Materials and Methods
The first two datasets that feature in this work are both part of the PREDICT-HD study (https://www.predict-hd.net/) where all enrolled subjects were at risk of HD and had previously undergone elective predictive genetic testing. Subjects labeled as premanifest HD (pre-HD) are those who were found to be “gene expanded,” possessing a cytosine–adenine–guanine (CAG) ≥ 36 but not exhibiting the motor criteria consistent with a diagnosis of HD (The Huntington's Disease Collaborative Research Group, 1993). A control group was defined as subjects who were deemed “non-gene expanded,” possessing a CAG ≤ 30. Participants of PREIDCT-HD were recruited from 32 sites across the United States, Canada, Europe, and Australia and underwent longitudinal study visits consisting of a neurological motor examination, cognitive assessment, brain MRI, psychiatric and functional assessment, and blood testing for genetic and biochemical analyses.

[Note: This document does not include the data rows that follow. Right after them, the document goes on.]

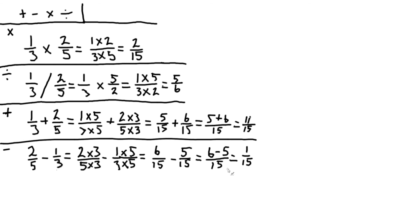So those are the four operations for fractions. I want to thank you for joining us at Math and Meditation for this video today. And I hope you join us again in the future.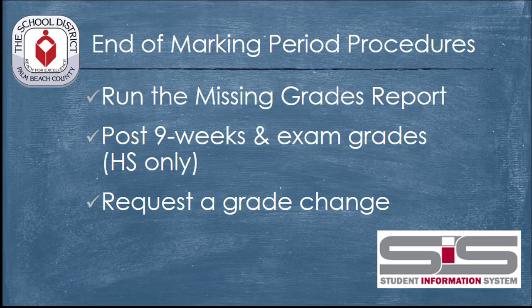As you've seen, posting final grades from the grade book is a process that requires just a few steps. You'll need to verify that every student has a grade in every assignment. You'll post your grades, you'll print verifications of your grades, and you'll request grade changes as necessary, all within the SIS.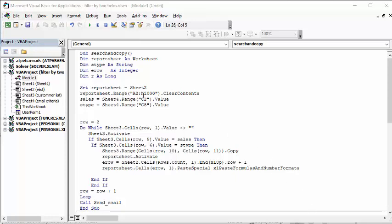This is my first piece of script. I'm declaring 'report sheet' as a worksheet. 'S type' — I have to call it S type instead of just 'type' because 'type' is a restricted word. 'E row' is the end row, and R is for the row. I set report sheet equal to Sheet 2 — that's my e-list. Sales is Sheet 4, which is the email criteria. The salesperson is Sheet 4 range C2, and S type is Sheet 4 C5.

Informed written consent was obtained from all subjects before participating in this study.
Subjects with pre-HD were further divided into three subgroups (“low-HD,” “mid-HD,” and “high-HD”) based on their CAP scores, a function of their CAG repeat length and current age given by CAP = (age at study entry) × (CAG – 33.66) (Zhang et al., 2011). The three subgroups are defined according to CAP < 290 (the low-HD group), 290 ≤ CAP ≤ 368 (the mid-HD group), and CAP > 368 (the high-HD group).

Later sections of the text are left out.